Data extracted from a collection:
============

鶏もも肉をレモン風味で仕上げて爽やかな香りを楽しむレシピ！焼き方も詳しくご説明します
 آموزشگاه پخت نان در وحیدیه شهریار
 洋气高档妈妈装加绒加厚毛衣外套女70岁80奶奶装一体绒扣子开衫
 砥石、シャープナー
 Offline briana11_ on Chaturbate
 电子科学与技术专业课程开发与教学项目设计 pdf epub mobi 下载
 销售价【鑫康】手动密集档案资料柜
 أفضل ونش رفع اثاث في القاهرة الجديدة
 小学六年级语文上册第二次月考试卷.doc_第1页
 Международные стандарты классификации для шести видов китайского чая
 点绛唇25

============

- **AIM OF THE TASK**
Return every record, word for word.

- **RESPONSE BELOW**
鶏もも肉をレモン風味で仕上げて爽やかな香りを楽しむレシピ！焼き方も詳しくご説明します
 آموزشگاه پخت نان در وحیدیه شهریار
 洋气高档妈妈装加绒加厚毛衣外套女70岁80奶奶装一体绒扣子开衫
 砥石、シャープナー
 Offline briana11_ on Chaturbate
 电子科学与技术专业课程开发与教学项目设计 pdf epub mobi 下载
 销售价【鑫康】手动密集档案资料柜
 أفضل ونش رفع اثاث في القاهرة الجديدة
 小学六年级语文上册第二次月考试卷.doc_第1页
 Международные стандарты классификации для шести видов китайского чая
 点绛唇25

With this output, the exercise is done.